Under the locality test, if a tort occurs on navigable waters, the action usually is within admiralty jurisdiction. Executive Jet, 409 U.S. at 253; American Eastern Dev. Corp. v. Everglades Marina, Inc., 608 F.2d 123, 125 (5th Cir. 1979). A court applying the location test must determine whether the tort occurred on navigable waters or whether injury suffered on land was caused by a vessel on navigable waters. Graubert, 513 U.S. at 534. In the present case, since all the boats damaged by the fire were located on land, the Court must determine whether the vessel which caused the injury was on navigable waters.
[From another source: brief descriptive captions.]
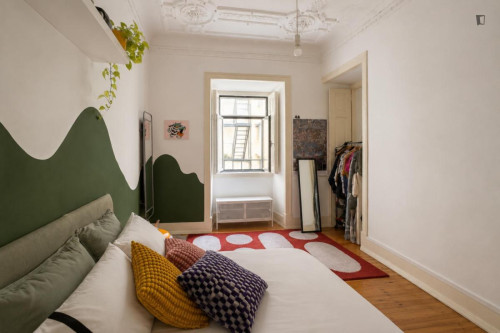 Prime Double Bedroom close to Arroios Metro - Gallery - 16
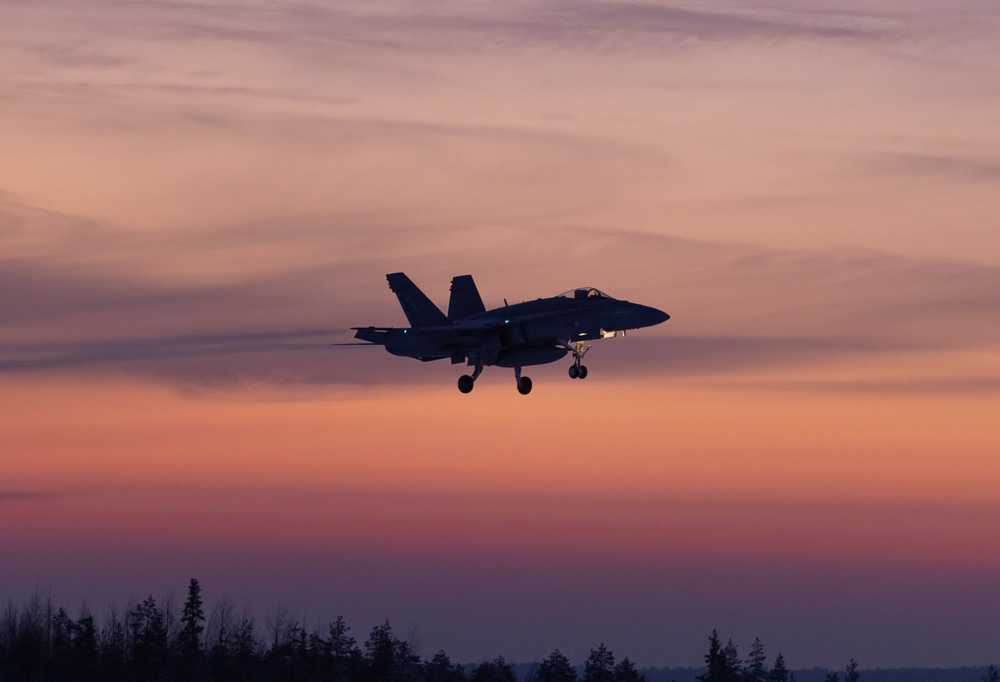 Kuvassa Suomen F/A-18 Hornet - monitoimihävittäjä.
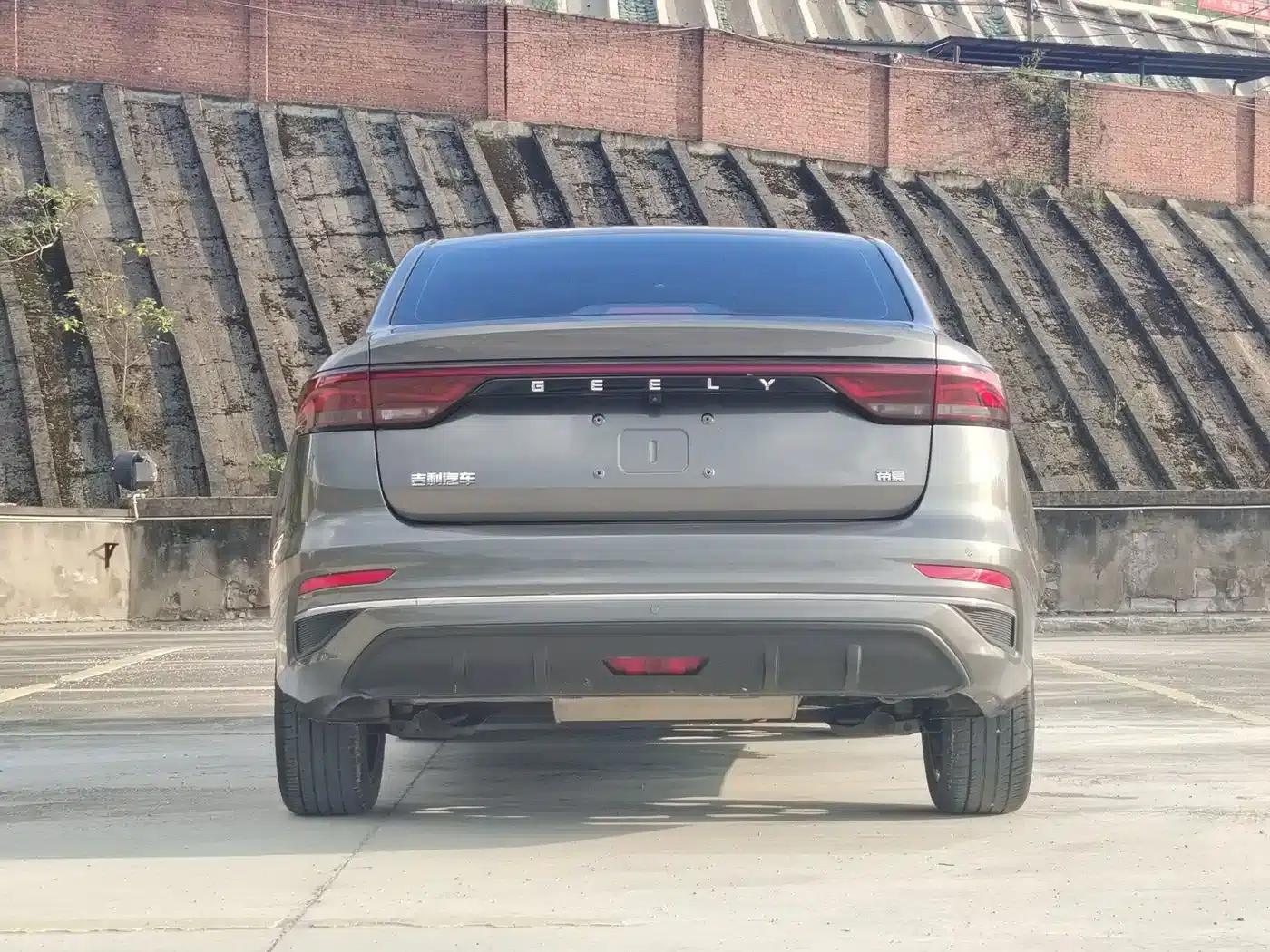 Geely Emgrand 2022 4th Generation 1.5L CVT Flagship Edition — миниатюра 4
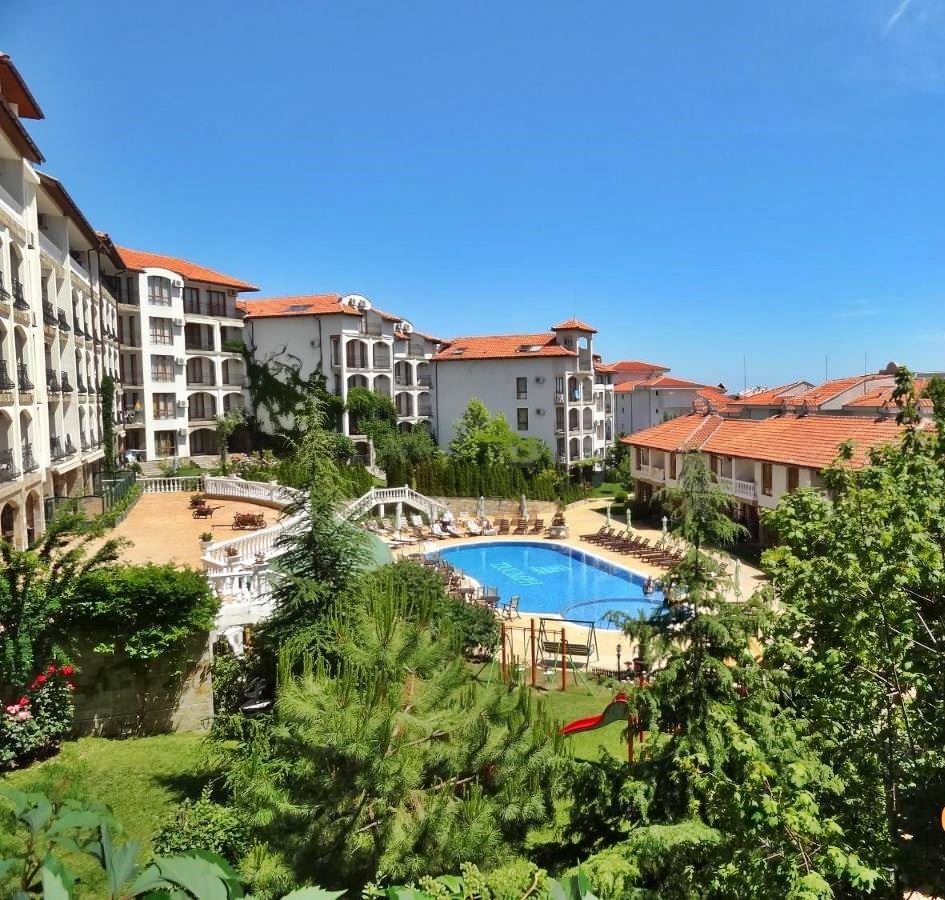 One-bedroom apartment with direct access to the pool in a complex in Sveti Vlas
If the locality test is met, Petitioners must still meet the nexus test.

When applying the nexus test, two queries are involved: (1) did the incident have a "potentially disruptive impact on maritime commerce?" and (2) does a "substantial relationship" exist "between the activity giving rise to the incident and traditional maritime activity?" Sisson v. Ruby, 497 U.S. 358, 364 (1990); Sea Vessel, 23 F.3d at 350. Admiralty jurisdiction does not exist in the present case because, as discussed infra, neither the locality test nor nexus test has been met. The Locality Test fails because the boats were withdrawn from navigation.

Petitioners assert that federal jurisdiction may be invoked independently through the Limitation of Liability Act, 46 U.S.C. § 181 et seq., but the Eleventh Circuit has held to the contrary. Sea Vessel, 23 F.3d at 348 n. 6; Lewis, 871 F.2d at 1054 (admiralty jurisdiction may not be based solely upon the Limitation of Liability Act "in the absence of a significant relationship between [a party's] claim and traditional notions of maritime activity.").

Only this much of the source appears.